Data records Start Marker

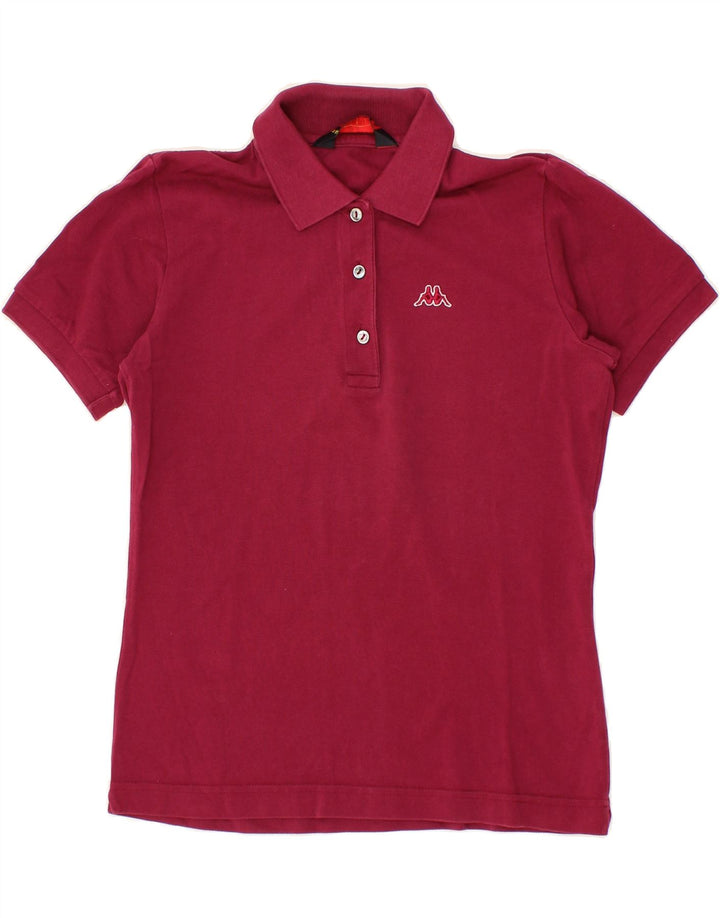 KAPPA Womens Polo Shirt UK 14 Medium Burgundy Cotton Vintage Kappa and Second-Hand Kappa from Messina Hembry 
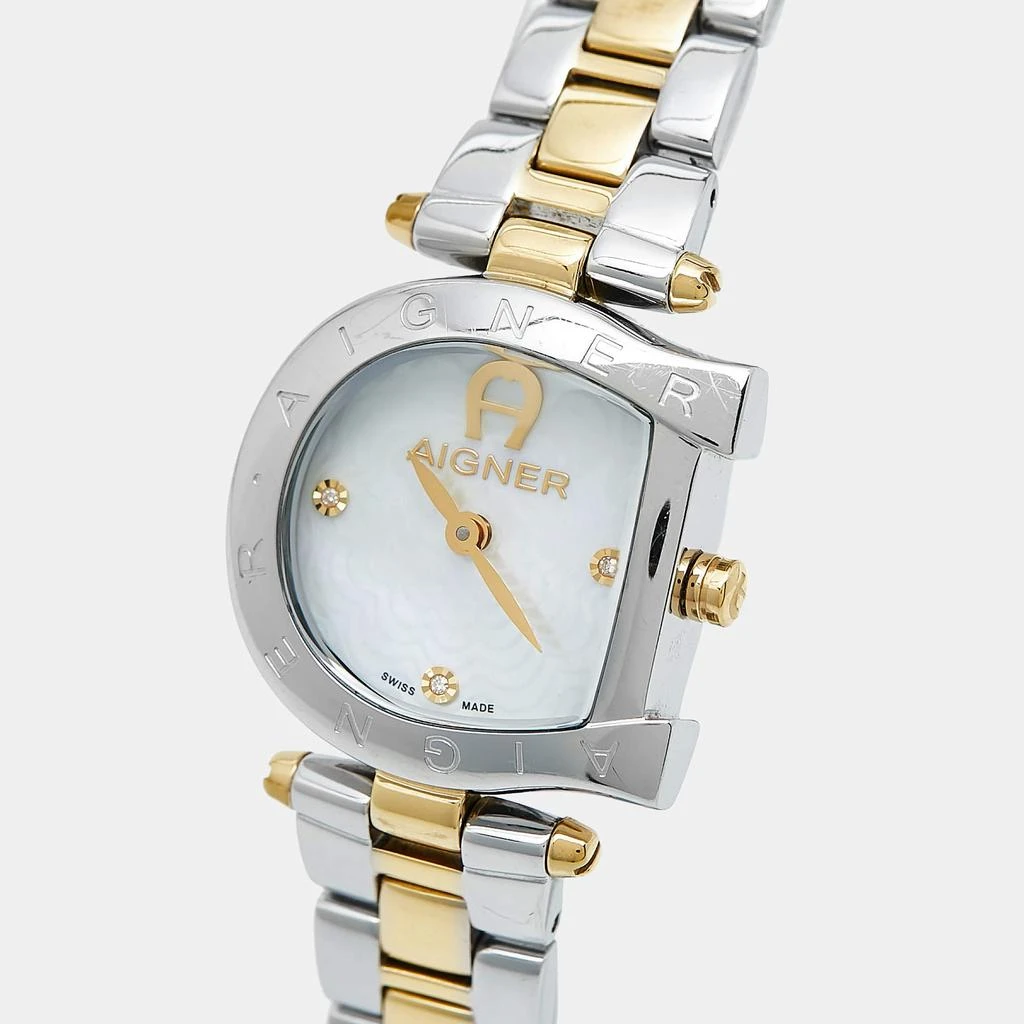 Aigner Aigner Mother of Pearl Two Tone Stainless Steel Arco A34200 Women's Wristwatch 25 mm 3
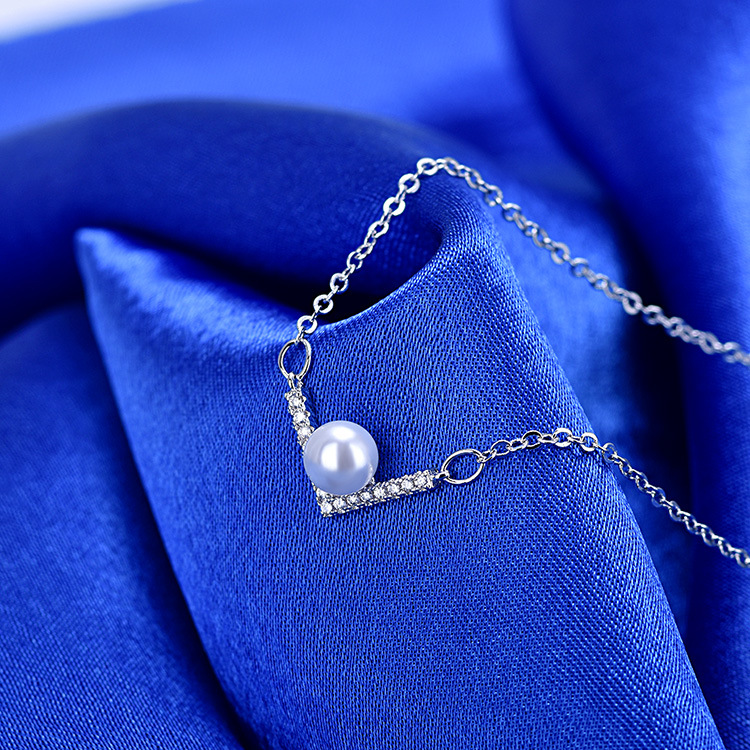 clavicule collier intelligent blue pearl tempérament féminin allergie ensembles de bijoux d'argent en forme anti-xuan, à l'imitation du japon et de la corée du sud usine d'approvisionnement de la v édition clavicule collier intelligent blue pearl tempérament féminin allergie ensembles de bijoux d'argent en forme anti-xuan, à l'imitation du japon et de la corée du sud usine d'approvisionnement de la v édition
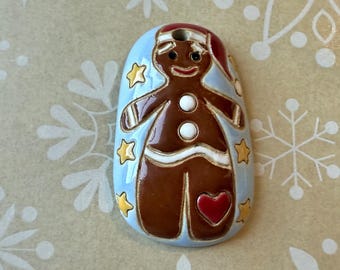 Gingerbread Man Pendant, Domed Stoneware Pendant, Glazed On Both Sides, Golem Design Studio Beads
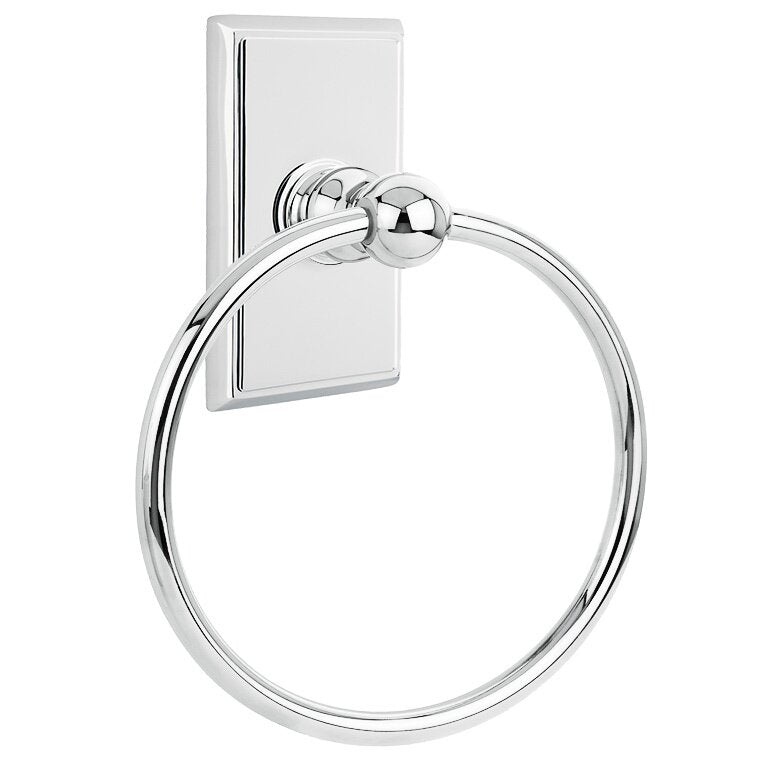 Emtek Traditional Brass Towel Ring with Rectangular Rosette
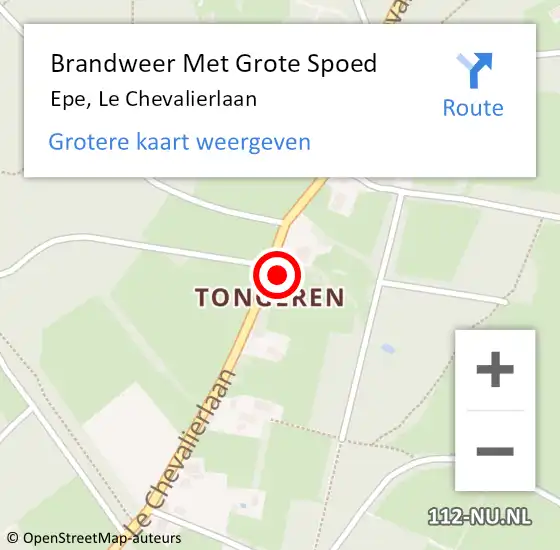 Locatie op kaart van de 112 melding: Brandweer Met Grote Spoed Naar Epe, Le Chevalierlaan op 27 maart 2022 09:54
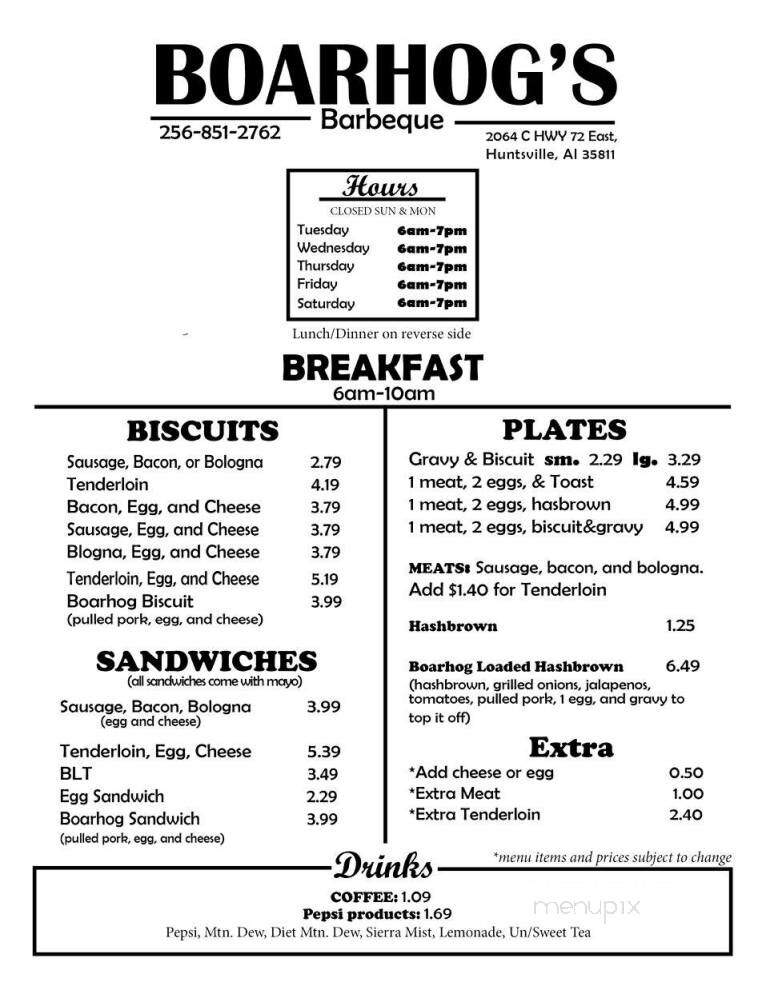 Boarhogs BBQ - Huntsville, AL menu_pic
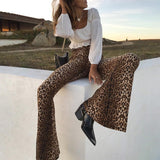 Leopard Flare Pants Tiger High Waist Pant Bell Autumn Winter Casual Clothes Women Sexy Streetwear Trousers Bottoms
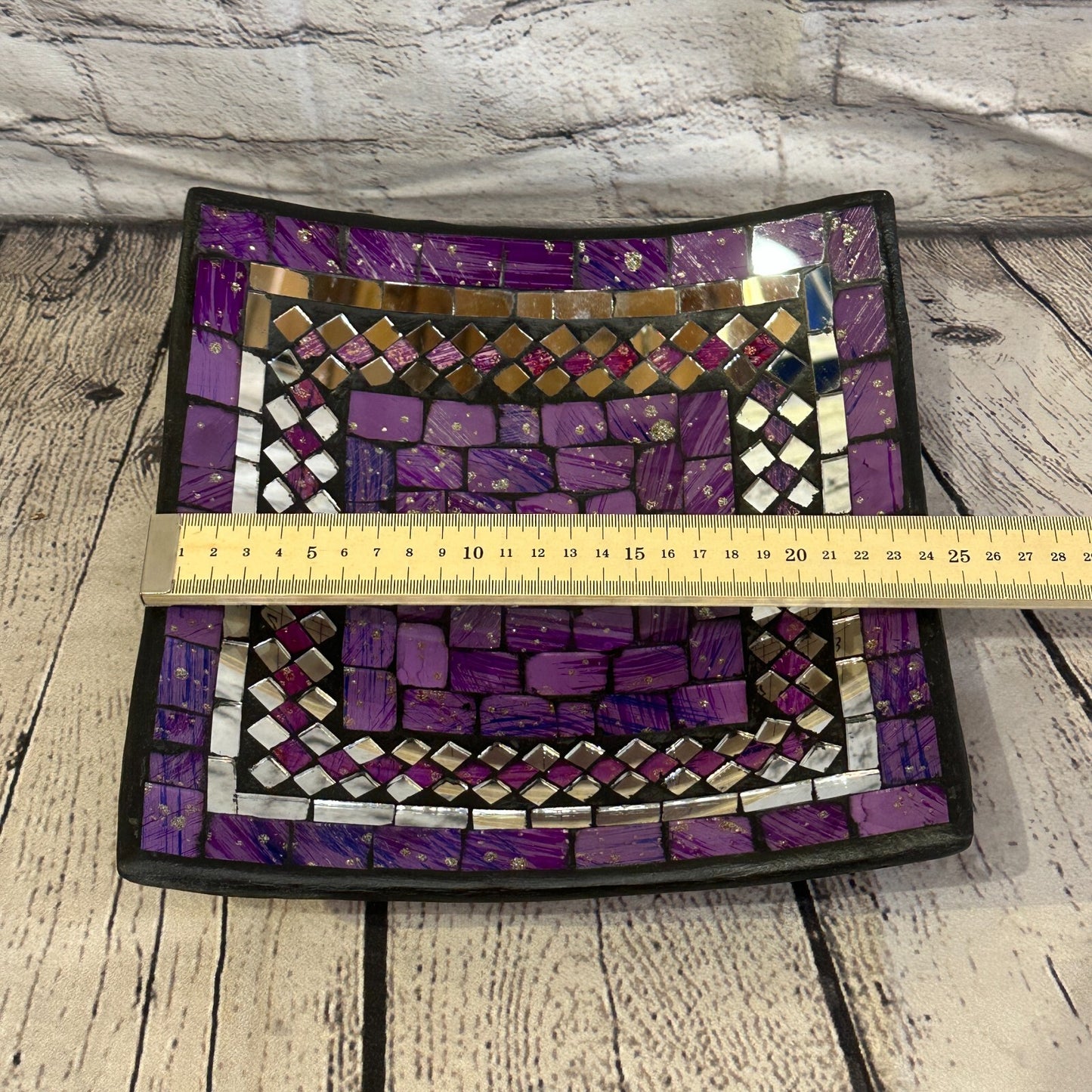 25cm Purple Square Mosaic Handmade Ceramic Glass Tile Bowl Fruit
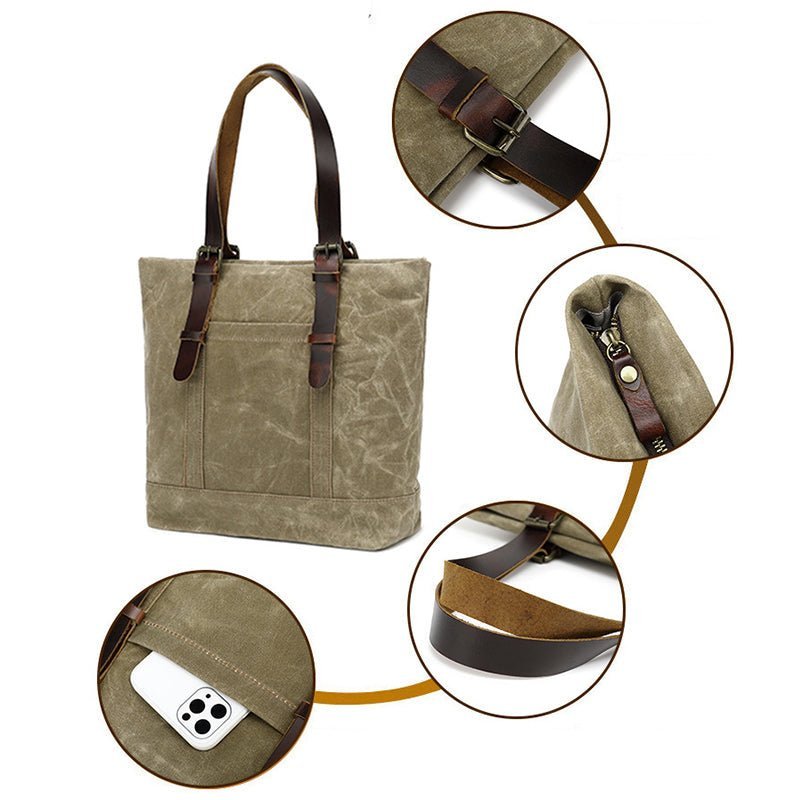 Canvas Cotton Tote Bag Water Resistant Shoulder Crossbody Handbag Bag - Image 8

Data records End Marker

The material above holds pictures; leave them out. Repeat exactly the lines from the one containing "Emtek Traditional Brass" through the one containing "Boarhogs BBQ - Huntsville, AL menu_pic", and nothing else.

 Emtek Traditional Brass Towel Ring with Rectangular Rosette
 Locatie op kaart van de 112 melding: Brandweer Met Grote Spoed Naar Epe, Le Chevalierlaan op 27 maart 2022 09:54
 Boarhogs BBQ - Huntsville, AL menu_pic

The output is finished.